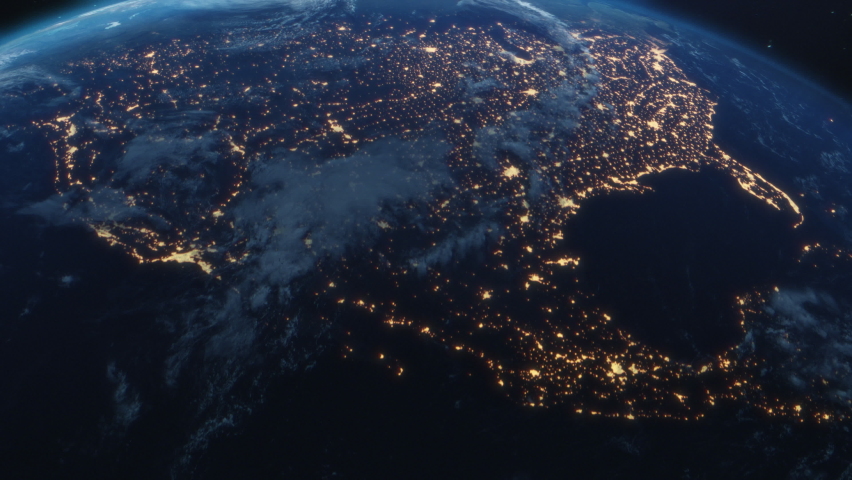 Space station view of a blackout across North America Royalty-Free Stock Footage #1080403016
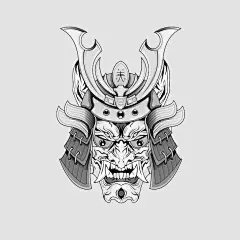 黑色武士面具鬼怪日本传统武士插画军事适合纹身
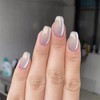 Press on Nails Medium Square SWEKKE Gray Fake Nails False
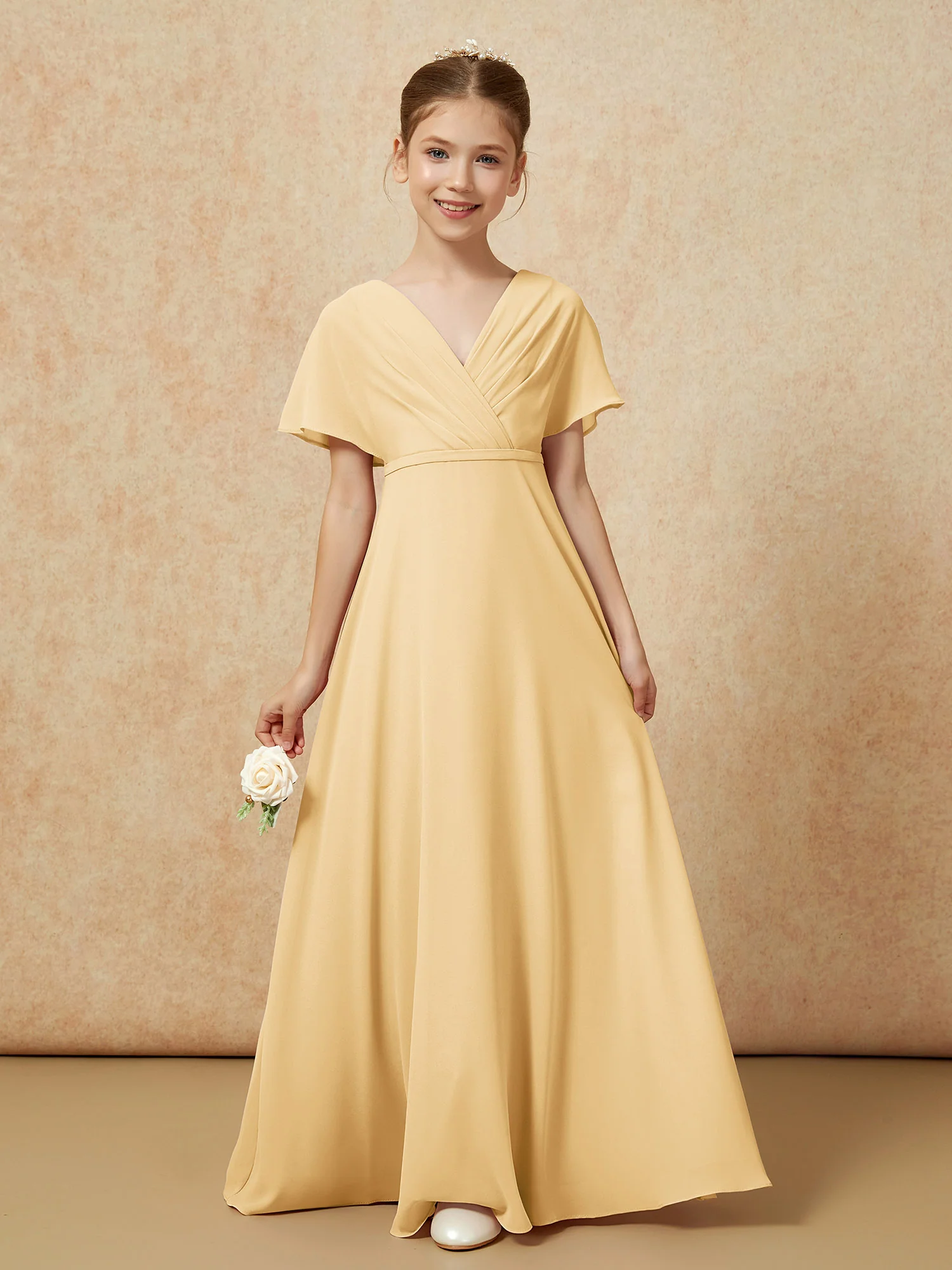 A-Line Flutter Sleeves Chiffon Junior Bridesmaid Dresses Gold - Image 5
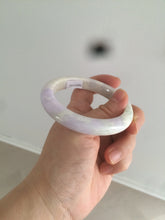 Load image into Gallery viewer, 56.6mm Certified Type A 100% Natural Sage Green/Thistle purple/cream beige Jadeite Jade bangle X107-0542

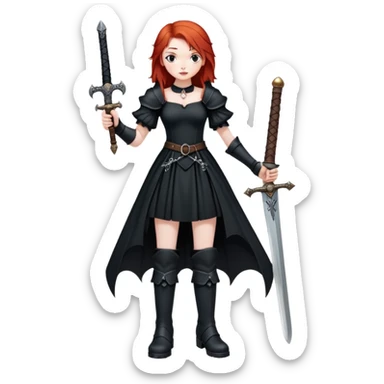 redhead goth girl in beautiful dress, large boots, holding medieval sword sticker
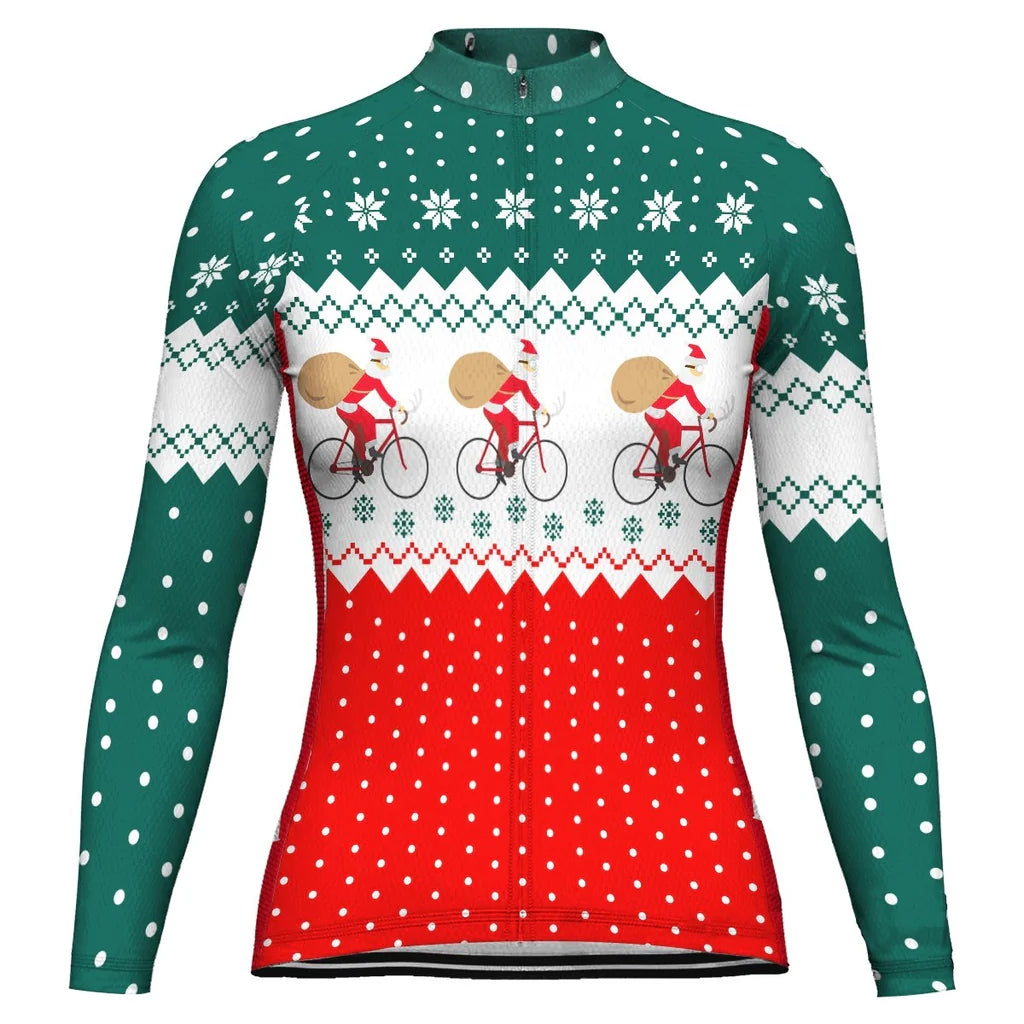 Custom Collection-Customized Christmas Women's Winter Thermal Fleece Cycling Jersey Long Sleeve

* * *

■ **WORK TASK**: Output the full listing above exactly, excluding all pictures.

■ **TASK RESULT**:
 Space station view of a blackout across North America Royalty-Free Stock Footage #1080403016
 黑色武士面具鬼怪日本传统武士插画军事适合纹身
 Press on Nails Medium Square SWEKKE Gray Fake Nails False
 A-Line Flutter Sleeves Chiffon Junior Bridesmaid Dresses Gold - Image 5
 Load image into Gallery viewer, 56.6mm Certified Type A 100% Natural Sage Green/Thistle purple/cream beige Jadeite Jade bangle X107-0542

 redhead goth girl in beautiful dress, large boots, holding medieval sword sticker
 Custom Collection-Customized Christmas Women's Winter Thermal Fleece Cycling Jersey Long Sleeve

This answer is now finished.